Linear Second Order ODE/y'' - 2 y' + y = 2 x
Theorem
The second order ODE:
- $(1): \quad y' ' - 2 y' + y = 2 x$
has the general solution:
- $y = C_1 e^x + C_2 x e^x + 2 x + 4$
Proof 1
It can be seen that $(1)$ is a nonhomogeneous linear second order ODE in the form:
- $y' ' + p y' + q y = \map R x$
where:
- $p = -2$
- $q = 1$
- $\map R x = 2 x$
First we establish the solution of the corresponding constant coefficient homogeneous linear second order ODE:
- $(2): \quad y' ' - 2 y' + y = 0$
From Linear Second Order ODE: $y' ' - 2 y' + y = 0$, this has the general solution:
- $y_g = C_1 e^x + C_2 x e^x$
It remains to find a particular solution $y_p$ to $(1)$.
Taking the expression $\map R x = 2 x$ and differentiating twice with respect to $x$:
| \(\ds \map R x\) | \(=\) | \(\ds 2 x\) | ||||||||||||
| \(\ds \leadsto \ \ \) | \(\ds \map {R'} x\) | \(=\) | \(\ds 2\) | |||||||||||
| \(\ds \leadsto \ \ \) | \(\ds \map {R' '} x\) | \(=\) | \(\ds 0\) |
Trying out $y = 2 x$ in $(1)$:
- $0 - 4 + 2 x = 2 x - 4$
which is off by that constant of $4$.
But by Derivative of Constant:
- $4' = 0$
Hence setting $y = 2 x + 4$:
- $0 - 4 + \paren {2 x + 4} = 2 x$
and it can be seen that $y_p = 2 x + 4$ is indeed a particular solution to $(1)$.
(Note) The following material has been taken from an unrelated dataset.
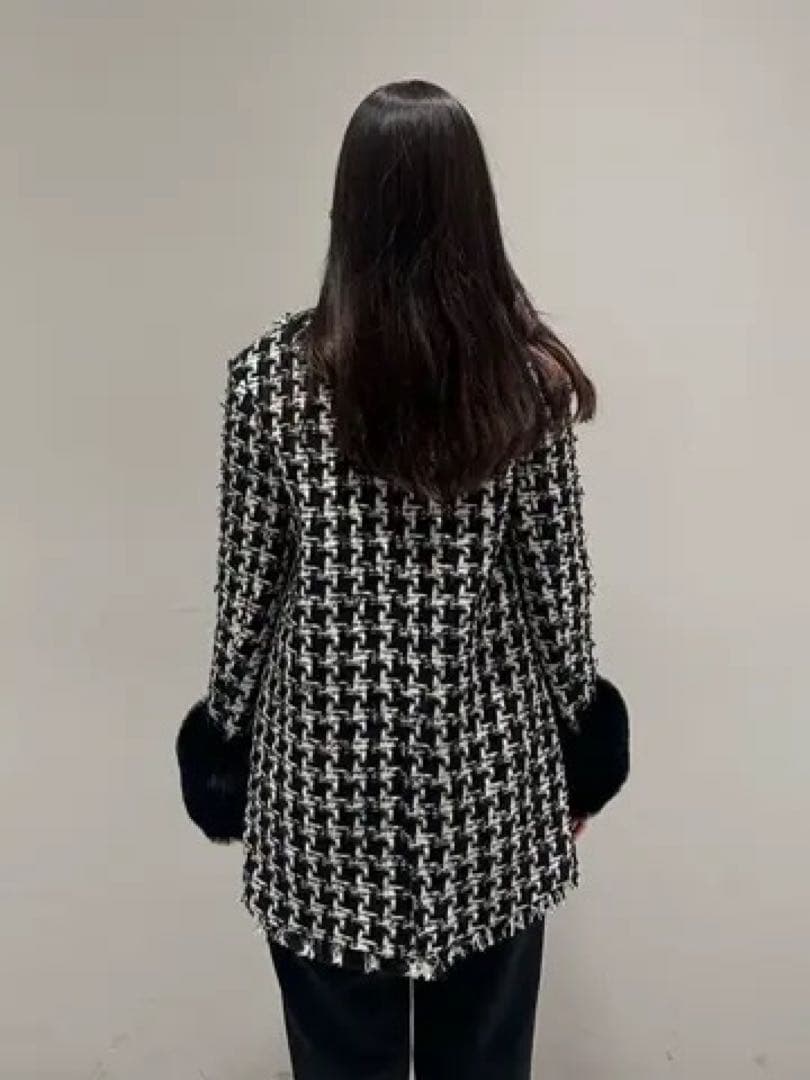 【美品】GRACECONTINENTAL ツイードファーコート　ラメ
So from General Solution of Linear 2nd Order ODE from Homogeneous 2nd Order ODE and Particular Solution:
- $y = y_g + y_p = C_1 e^x + C_2 x e^x + 2 x + 4$
is the general solution to $(1)$.
$\blacksquare$
Proof 2
It can be seen that $(1)$ is a nonhomogeneous linear second order ODE in the form:
- $y' ' + p y' + q y = \map R x$
where:
- $p = -2$
- $q = 1$
- $\map R x = 2 x$
First we establish the solution of the corresponding constant coefficient homogeneous linear second order ODE:
- $(2): \quad y' ' - 2 y' + y = 0$
From Linear Second Order ODE: $y' ' - 2 y' + y = 0$, this has the general solution:
- $y_g = C_1 e^x + C_2 x e^x$
It remains to find a particular solution $y_p$ to $(1)$.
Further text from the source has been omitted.